Más en superficie, esa relación fundamental de posesión puede traducirse luego de diferentes maneras, particularmente por la consunción. Adquirirá entonces la forma de una absorción –consunción o fusión–, o la forma de una monopolización, es decir, de una salida del circuito de los intercambios: hablamos entonces de atesoramiento cuando se trata de bienes materiales, y de secuestro cuando, como en ciertas relaciones impropiamente calificadas de “amorosas”, el objeto poseído y celosamente monopolizado presenta, desde el punto de vista actorial, el estatuto de una persona. En fin, cuando se trate de objetos cuyo valor es de orden modal, la consunción propiamente dicha deja lugar al uso del objeto: por ejemplo, el sujeto ejercerá el “poder” que ha podido adquirir, o sacará partido de su “saber” a la hora de la acción. Mientras que la consunción de los valores materiales tiende lo más frecuentemente a su aniquilación, el uso de los valores modales, así como su comunicación (llamada “participativa”), no afecta su integridad (aunque no se puede excluir completamente su “desgaste”; pero ese es otro problema)1.

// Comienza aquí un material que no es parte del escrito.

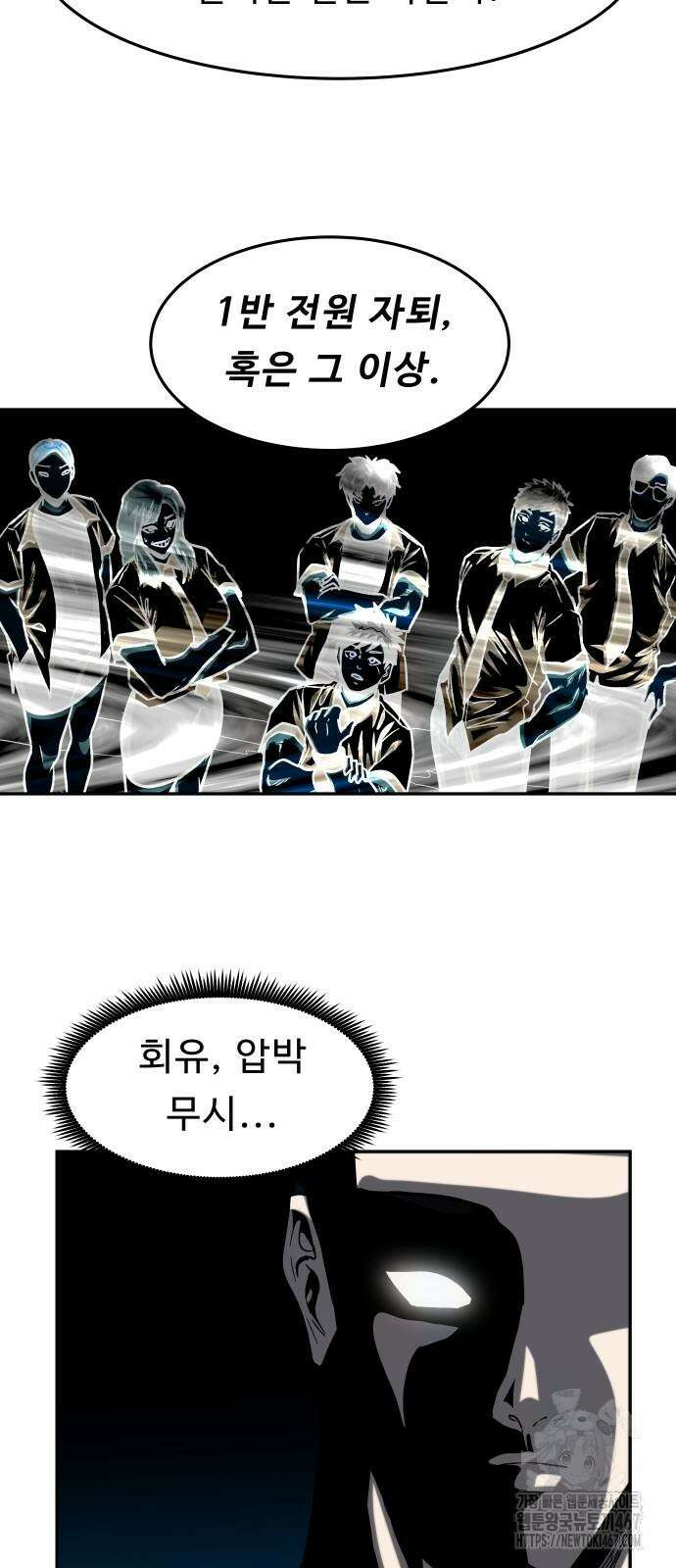 육식고 96화 10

Lo que sobre todo importa en todo esto es que entre sujeto y objeto se mantiene, de comienzo a fin, una relación de exterioridad. Aun en el caso extremo en que el objeto es alimento y donde la conjunción adquiere la forma de una anulación física del objeto en el cuerpo del sujeto, el poseedor-manducador y lo que come permanecen estrictamente como ellos mismos hasta el último momento, hasta el instante mismo de la toma de posesión y de la absorción destructora del uno por el otro. Se pasa entonces, sin solución de continuidad, de la separación y de la diferencia, es decir, del estado de disjunción, a su opuesto, como si, antes de fusionarse, sujeto y objeto no tuviesen ninguna otra relación que la que consiste en ser, respectivamente, el sujeto y el objeto de una misma apetencia. Porque, de una manera general, en el modelo juntivo no hay lugar previsto, entre independencia de los actantes, aun a distancia, y su fusión, que por definición los reduce a una sola y única identidad, para una forma de interacción que respete la autonomía de las partes, permitiendo al mismo tiempo una comunicación profunda entre ellas.

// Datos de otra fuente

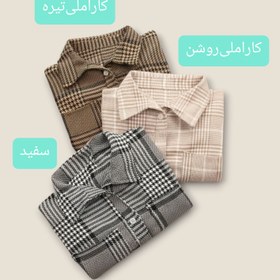 تصویر شومیز پشمی حنا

Y si, una vez cumplida la operación juntiva final (en este caso, la absorción del objeto comido por el sujeto que se alimenta con él), el esquema narrativo no tiene nada que decirnos de lo que sucede con las relaciones entre los dos protagonistas (o, es el momento de decirlo, entre los dos “conjuntados”), ni tampoco nos dice nada de los procesos ulteriores de asimilación del objeto por el organismo del sujeto, ni de las mezclas y metamorfosis de identidades que se pueden adivinar entre actantes en ese estadio del proceso, es aparentemente porque se pasa entonces, si no a otra semiótica, al menos a otro aspecto de aquella que conocemos, a una semiótica de la materia, que está aún por elaborar en su totalidad2.